__Brief__
Identify each line below containing the string "white" and copy it.

__Collection entries__

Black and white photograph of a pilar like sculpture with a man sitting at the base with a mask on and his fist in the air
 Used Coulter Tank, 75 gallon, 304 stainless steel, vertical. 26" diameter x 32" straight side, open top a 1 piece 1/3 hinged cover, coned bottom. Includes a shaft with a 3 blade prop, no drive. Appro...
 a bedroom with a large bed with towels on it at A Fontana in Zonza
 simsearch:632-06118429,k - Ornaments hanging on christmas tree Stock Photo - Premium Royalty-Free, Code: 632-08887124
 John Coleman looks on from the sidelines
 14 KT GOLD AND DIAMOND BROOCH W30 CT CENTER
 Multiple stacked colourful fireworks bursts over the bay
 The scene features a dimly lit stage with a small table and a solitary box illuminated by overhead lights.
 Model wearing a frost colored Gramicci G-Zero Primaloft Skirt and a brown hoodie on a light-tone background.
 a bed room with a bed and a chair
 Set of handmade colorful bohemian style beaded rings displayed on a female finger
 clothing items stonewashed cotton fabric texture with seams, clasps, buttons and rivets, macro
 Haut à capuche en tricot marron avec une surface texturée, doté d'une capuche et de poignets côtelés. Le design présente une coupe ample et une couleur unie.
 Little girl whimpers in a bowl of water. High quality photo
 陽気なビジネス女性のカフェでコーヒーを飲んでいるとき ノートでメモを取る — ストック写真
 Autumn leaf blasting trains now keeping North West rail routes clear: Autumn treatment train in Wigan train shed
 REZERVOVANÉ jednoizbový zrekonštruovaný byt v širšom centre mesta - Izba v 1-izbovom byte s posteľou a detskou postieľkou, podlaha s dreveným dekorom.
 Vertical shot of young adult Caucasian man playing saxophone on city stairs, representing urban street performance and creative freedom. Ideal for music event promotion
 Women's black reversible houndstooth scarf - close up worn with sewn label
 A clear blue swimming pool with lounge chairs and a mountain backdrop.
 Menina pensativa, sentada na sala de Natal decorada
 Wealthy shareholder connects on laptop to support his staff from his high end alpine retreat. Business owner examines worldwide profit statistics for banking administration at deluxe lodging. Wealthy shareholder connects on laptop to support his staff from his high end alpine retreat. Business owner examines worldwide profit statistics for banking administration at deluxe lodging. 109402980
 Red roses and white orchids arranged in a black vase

__Exercise solution__
Black and white photograph of a pilar like sculpture with a man sitting at the base with a mask on and his fist in the air
 Red roses and white orchids arranged in a black vase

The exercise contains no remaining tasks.